As increases in efficiency make goods cheaper, people demand more of them. Initially this calculation makes it appear that people are using more resources rather than less, but this is likely wrong. Consider that billions of smartphone users living in poorer countries have skipped over the resource-intensive phase of building out millions of miles of wire phone lines, deploying tens of millions of clunky desktop computers and printers for both the home and the office, cameras and film processing, and so many other capabilities that are now embodied in four-ounce phones.
Nevertheless, Smil doubts that the current trajectory of dematerialization will speed up enough so that relative declines in material consumption translate into aggregate declines—that is, using absolutely less material while creating more value in goods and services. “The pursuit of endless growth is, obviously, an unsustainable strategy,” he asserts. But what is “endless growth”? People don’t want electricity, grain, housing, automobiles, and so forth. What they want is lighting, tasty food, comfortable lodging, and convenient transportation.

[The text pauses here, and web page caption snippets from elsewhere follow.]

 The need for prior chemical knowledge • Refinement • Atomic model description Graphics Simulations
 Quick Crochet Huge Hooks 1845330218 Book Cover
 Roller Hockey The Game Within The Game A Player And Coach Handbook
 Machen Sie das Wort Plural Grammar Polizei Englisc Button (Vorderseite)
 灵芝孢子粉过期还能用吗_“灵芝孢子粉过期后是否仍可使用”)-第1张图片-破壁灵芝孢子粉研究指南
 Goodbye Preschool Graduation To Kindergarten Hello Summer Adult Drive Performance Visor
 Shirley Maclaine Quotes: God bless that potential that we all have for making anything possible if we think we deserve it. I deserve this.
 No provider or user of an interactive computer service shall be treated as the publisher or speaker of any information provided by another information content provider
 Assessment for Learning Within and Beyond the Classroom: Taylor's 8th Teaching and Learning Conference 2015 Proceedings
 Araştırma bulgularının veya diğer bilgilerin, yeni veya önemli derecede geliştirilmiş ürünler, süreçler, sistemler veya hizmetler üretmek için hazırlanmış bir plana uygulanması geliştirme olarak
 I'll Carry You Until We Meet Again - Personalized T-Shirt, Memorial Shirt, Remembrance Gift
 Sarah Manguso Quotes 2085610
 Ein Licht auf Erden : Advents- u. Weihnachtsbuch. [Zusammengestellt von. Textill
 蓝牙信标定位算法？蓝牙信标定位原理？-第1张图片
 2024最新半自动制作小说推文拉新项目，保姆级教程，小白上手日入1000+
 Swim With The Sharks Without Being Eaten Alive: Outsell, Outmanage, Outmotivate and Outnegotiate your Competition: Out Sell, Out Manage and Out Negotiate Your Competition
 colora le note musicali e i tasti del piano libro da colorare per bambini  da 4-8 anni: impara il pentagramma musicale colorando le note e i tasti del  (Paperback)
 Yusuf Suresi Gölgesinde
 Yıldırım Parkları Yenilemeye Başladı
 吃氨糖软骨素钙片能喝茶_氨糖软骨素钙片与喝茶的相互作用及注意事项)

As a plausible scenario of how demand for materials could rise, Smil calculates that if automobile ownership in currently poor countries rises to just a third of the level in Japan (600 vehicles per 1,000 people), that would double the global fleet to 2.2 billion vehicles. However, the advent of self-driving vehicles could provide a technological end run around such projections of a growing vehicle fleet. Instead of sitting idle for most of every day, as the vast majority of automobiles do now, cars could be rented on demand.
Researchers at the University of Texas, devising a realistic simulation of vehicle use in cities that took into account issues like congestion and rush-hour usage, found that each shared autonomous vehicle could replace eleven conventional vehicles. Notionally then, it would take only about 800 million vehicles to supply all the transportation services for 9 billion people. That figure is 200 million vehicles fewer than the current world fleet of 1 billion automobiles.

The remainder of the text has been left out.